◆ Work to complete
Please print each entry below exactly as it stands, but without any pictures.

◆ Material provided
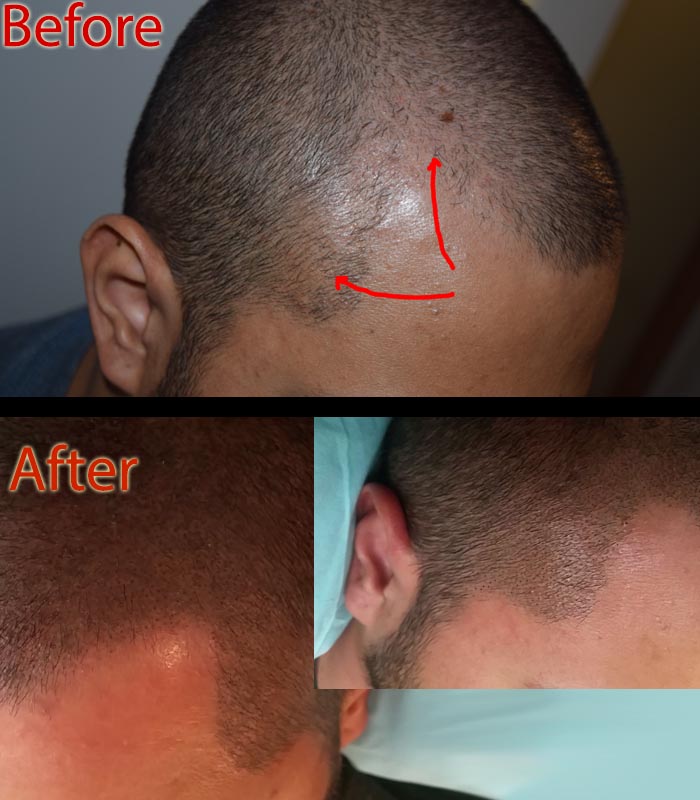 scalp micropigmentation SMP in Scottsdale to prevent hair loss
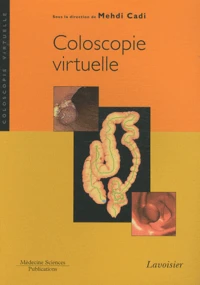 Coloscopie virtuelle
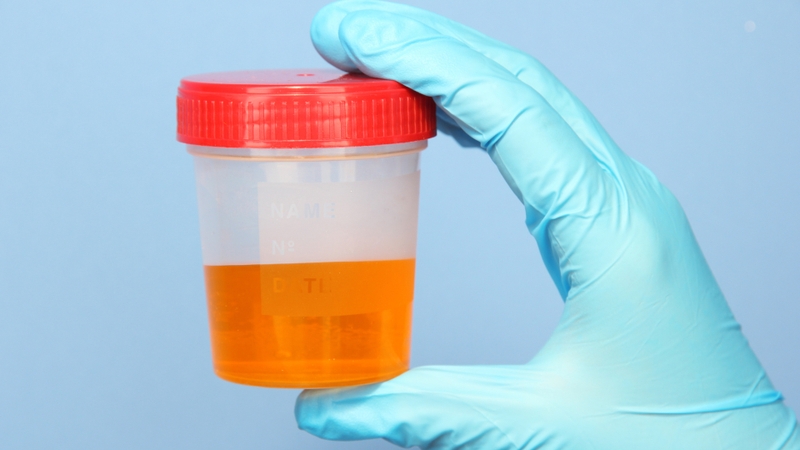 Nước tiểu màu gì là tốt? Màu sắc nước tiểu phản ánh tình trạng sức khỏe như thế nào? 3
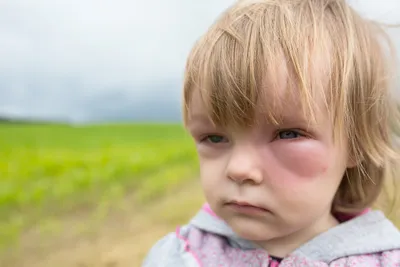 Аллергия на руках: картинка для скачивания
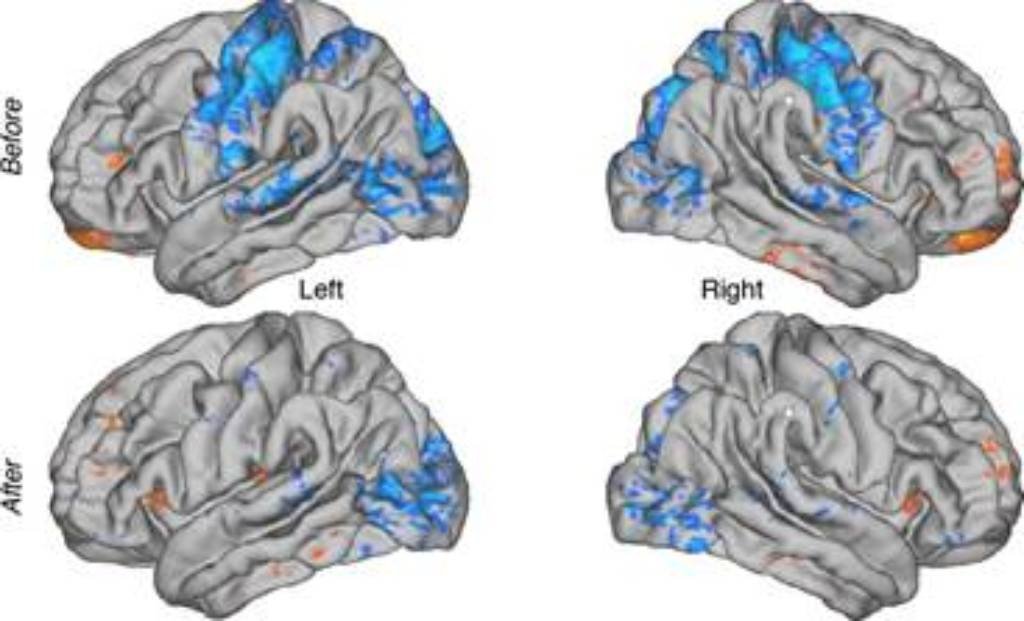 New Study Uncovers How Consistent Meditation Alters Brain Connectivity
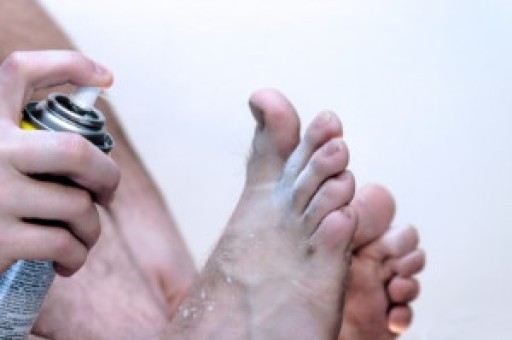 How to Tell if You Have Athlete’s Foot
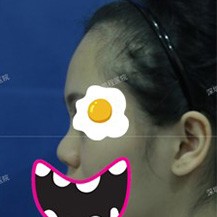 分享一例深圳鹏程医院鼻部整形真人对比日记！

◆ Answer box
 scalp micropigmentation SMP in Scottsdale to prevent hair loss
 Coloscopie virtuelle
 Nước tiểu màu gì là tốt? Màu sắc nước tiểu phản ánh tình trạng sức khỏe như thế nào? 3
 Аллергия на руках: картинка для скачивания
 New Study Uncovers How Consistent Meditation Alters Brain Connectivity
 How to Tell if You Have Athlete’s Foot
 分享一例深圳鹏程医院鼻部整形真人对比日记！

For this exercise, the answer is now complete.